Re: [PATCH] perf: fix group with mixed hw and sw events

From: Song Liu
Date: Tue May 22 2018 - 17:06:40 EST


Dear Peter,

Could you please share your comments on this minor fix?

Best,
Song


> On May 3, 2018, at 12:47 PM, Song Liu <songliubraving@xxxxxx> wrote:
>
> When hw and sw events are mixed in the same group, they are all attached
> to the hw perf_event_context. This sometimes requires moving group of
> perf_event to a different context. We found an issue in the moving. Here
> is an example of it.
>
> perf stat -e '{faults,ref-cycles,faults}' -I 1000
>
> 1.005591180 1,297 faults
> 1.005591180 457,476,576 ref-cycles
> 1.005591180 <not supported> faults
>
> First, sw event "faults" is attached to the sw context, and become the
> group leader. Then, hw event "ref-cycles" is attached, so both events
> are moved to hw context.
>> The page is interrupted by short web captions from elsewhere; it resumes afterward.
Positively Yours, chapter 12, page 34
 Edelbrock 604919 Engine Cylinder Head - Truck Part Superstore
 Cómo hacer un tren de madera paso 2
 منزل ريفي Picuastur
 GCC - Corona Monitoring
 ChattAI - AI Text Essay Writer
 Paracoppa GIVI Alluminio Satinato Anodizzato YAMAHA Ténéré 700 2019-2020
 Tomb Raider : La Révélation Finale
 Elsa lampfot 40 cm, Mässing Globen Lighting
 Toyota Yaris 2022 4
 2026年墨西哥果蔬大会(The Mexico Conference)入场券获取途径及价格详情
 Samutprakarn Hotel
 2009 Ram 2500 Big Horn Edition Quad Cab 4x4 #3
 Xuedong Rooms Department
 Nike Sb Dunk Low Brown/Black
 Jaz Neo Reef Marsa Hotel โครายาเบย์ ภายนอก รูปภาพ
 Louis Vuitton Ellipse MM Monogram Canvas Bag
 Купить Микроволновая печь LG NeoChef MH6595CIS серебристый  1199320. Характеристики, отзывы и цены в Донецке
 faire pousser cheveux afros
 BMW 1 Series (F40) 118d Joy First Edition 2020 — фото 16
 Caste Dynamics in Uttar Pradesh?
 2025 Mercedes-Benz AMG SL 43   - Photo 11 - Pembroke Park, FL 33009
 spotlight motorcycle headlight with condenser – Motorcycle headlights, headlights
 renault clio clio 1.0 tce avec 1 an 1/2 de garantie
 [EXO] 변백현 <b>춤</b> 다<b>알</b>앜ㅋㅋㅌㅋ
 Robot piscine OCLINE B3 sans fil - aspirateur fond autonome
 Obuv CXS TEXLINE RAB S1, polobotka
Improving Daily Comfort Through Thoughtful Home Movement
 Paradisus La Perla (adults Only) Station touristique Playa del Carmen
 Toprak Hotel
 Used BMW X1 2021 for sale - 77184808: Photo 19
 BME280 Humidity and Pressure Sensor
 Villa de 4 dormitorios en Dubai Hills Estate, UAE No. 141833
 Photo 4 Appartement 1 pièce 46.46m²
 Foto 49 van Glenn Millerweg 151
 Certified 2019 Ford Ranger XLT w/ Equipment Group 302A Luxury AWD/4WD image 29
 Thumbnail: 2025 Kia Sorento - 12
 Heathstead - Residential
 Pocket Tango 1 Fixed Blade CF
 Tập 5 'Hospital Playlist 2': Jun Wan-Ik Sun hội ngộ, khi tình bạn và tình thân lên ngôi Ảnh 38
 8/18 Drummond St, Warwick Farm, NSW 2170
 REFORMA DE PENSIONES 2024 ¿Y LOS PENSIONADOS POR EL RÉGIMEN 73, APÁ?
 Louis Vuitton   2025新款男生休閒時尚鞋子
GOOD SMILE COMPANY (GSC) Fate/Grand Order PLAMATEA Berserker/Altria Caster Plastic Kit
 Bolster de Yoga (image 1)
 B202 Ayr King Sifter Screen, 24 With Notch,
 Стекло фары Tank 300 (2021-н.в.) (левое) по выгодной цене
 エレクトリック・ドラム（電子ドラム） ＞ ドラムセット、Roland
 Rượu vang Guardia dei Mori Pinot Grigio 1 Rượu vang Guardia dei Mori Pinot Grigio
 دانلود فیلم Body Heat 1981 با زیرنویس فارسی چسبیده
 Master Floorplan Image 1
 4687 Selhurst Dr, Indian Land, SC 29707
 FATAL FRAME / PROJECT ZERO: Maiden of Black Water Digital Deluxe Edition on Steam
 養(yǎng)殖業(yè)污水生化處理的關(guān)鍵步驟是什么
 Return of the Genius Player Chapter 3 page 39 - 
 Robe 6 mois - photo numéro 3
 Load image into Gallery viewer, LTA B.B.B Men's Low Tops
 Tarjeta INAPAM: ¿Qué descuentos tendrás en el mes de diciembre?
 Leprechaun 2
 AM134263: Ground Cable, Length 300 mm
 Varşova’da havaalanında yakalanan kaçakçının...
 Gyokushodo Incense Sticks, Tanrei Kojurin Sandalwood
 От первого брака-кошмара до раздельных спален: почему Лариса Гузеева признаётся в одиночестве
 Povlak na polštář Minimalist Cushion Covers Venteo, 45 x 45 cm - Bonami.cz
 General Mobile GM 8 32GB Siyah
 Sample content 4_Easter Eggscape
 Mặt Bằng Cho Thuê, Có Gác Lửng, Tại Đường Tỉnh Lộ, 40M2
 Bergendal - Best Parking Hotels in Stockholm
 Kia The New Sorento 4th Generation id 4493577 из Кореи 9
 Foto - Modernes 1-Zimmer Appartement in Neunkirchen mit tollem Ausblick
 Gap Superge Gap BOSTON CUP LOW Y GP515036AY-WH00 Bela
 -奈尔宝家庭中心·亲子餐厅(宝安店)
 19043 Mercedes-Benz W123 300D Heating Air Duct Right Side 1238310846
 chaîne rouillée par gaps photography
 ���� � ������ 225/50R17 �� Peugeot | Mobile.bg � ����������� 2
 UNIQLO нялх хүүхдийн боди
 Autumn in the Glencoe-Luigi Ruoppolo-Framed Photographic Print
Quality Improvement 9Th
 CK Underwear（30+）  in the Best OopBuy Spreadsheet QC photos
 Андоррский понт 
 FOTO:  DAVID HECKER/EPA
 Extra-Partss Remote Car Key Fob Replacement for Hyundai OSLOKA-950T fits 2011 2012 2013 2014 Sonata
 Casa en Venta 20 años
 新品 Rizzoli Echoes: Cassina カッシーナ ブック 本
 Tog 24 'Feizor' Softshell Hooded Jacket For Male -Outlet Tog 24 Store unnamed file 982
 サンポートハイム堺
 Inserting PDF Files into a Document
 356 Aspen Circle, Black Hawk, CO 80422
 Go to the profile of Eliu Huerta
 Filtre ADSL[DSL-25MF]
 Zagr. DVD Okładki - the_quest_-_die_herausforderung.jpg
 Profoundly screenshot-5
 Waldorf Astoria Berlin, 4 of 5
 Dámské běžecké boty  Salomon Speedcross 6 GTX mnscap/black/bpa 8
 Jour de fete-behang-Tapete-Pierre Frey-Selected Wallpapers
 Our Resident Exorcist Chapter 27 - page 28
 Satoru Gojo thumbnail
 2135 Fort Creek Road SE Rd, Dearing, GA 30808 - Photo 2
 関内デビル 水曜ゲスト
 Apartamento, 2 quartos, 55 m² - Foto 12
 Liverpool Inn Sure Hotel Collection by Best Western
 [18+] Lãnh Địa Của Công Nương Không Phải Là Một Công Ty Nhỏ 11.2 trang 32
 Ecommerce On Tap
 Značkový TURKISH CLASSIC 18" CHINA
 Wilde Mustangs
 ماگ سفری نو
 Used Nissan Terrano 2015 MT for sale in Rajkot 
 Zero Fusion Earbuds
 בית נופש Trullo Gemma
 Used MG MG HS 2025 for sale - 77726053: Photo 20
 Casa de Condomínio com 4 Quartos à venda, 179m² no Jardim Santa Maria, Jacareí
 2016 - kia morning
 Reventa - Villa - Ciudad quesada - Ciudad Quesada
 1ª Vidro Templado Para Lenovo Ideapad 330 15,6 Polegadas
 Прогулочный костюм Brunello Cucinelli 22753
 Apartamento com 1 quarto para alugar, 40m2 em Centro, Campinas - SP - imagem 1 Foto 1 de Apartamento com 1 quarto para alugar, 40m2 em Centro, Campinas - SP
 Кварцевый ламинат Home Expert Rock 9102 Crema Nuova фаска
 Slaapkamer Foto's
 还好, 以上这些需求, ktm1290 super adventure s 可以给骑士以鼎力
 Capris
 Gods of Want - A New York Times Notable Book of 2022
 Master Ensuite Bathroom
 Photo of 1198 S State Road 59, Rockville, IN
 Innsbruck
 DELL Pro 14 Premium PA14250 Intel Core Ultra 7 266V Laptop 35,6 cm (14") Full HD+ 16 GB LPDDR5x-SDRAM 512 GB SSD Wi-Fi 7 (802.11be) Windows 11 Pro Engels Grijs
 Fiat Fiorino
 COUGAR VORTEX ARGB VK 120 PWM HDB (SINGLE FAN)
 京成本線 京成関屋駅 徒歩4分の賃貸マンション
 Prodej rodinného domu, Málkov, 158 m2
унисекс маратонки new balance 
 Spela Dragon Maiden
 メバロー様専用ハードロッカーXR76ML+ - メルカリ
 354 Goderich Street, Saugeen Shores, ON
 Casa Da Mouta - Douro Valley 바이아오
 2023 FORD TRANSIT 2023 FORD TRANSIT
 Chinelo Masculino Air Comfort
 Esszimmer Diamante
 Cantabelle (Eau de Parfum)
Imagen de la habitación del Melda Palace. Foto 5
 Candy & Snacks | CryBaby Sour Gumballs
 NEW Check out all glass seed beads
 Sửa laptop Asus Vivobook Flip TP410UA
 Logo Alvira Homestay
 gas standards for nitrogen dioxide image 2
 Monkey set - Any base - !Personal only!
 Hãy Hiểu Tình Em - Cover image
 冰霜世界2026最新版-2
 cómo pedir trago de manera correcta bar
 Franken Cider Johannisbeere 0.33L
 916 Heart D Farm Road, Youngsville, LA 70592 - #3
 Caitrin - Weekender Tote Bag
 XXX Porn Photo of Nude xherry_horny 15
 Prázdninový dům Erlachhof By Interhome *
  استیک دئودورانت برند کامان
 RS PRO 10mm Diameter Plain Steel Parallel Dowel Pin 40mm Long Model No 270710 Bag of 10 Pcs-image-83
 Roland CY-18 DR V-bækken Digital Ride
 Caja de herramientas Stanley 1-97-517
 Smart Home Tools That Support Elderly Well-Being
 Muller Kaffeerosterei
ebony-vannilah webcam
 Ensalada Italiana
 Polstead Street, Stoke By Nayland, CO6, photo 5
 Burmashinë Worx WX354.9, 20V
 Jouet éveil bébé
Last, another sw "faults" tries to attach,
> but it fails because of mismatch between the new target ctx (from sw
> pmu) and the group_leader's ctx (hw context, same as ref-cycles).
>
> The broken condition is:
> group_leader is sw event;
> group_leader is on hw context;
> add a sw event to the group.
>
> This patch fixes this scenario by checking group_leader's context
> (instead of just event type). If group_leader is on hw context, use
> pmu of this context to look up context for the new event.
>
> Fixes: b04243ef7006 ("perf: Complete software pmu grouping")
> Cc: Peter Zijlstra <peterz@xxxxxxxxxxxxx>
> Signed-off-by: Song Liu <songliubraving@xxxxxx>
> ---
> include/linux/perf_event.h | 8 ++++++++
> kernel/events/core.c | 21 +++++++++++----------
> 2 files changed, 19 insertions(+), 10 deletions(-)
>
> diff --git a/include/linux/perf_event.h b/include/linux/perf_event.h
> index e71e99e..def866f 100644
> --- a/include/linux/perf_event.h
> +++ b/include/linux/perf_event.h
> @@ -1016,6 +1016,14 @@ static inline int is_software_event(struct perf_event *event)
> return event->event_caps & PERF_EV_CAP_SOFTWARE;
> }
>
> +/*
> + * Return 1 for event in sw context, 0 for event in hw context
> + */
> +static inline int in_software_context(struct perf_event *event)
> +{
> + return event->ctx->pmu->task_ctx_nr == perf_sw_context;
> +}
> +
> extern struct static_key perf_swevent_enabled[PERF_COUNT_SW_MAX];
>
> extern void ___perf_sw_event(u32, u64, struct pt_regs *, u64);
> diff --git a/kernel/events/core.c b/kernel/events/core.c
> index 67612ce..ce6aa5f 100644
> --- a/kernel/events/core.c
> +++ b/kernel/events/core.c
> @@ -10521,19 +10521,20 @@ SYSCALL_DEFINE5(perf_event_open,
> if (pmu->task_ctx_nr == perf_sw_context)
> event->event_caps |= PERF_EV_CAP_SOFTWARE;
>
> - if (group_leader &&
> - (is_software_event(event) != is_software_event(group_leader))) {
> - if (is_software_event(event)) {
> + if (group_leader) {
> + if (is_software_event(event) &&
> + !in_software_context(group_leader)) {
> /*
> - * If event and group_leader are not both a software
> - * event, and event is, then group leader is not.
> + * If the event is a sw event, but the group_leader
> + * is on hw context.
> *
> - * Allow the addition of software events to !software
> - * groups, this is safe because software events never
> - * fail to schedule.
> + * Allow the addition of software events to hw
> + * groups, this is safe because software events
> + * never fail to schedule.
> */
> - pmu = group_leader->pmu;
> - } else if (is_software_event(group_leader) &&
> + pmu = group_leader->ctx->pmu;
> + } else if (!is_software_event(event) &&
> + is_software_event(group_leader) &&
> (group_leader->group_caps & PERF_EV_CAP_SOFTWARE)) {
> /*
> * In case the group is a pure software group, and we
> --
> 2.9.5
>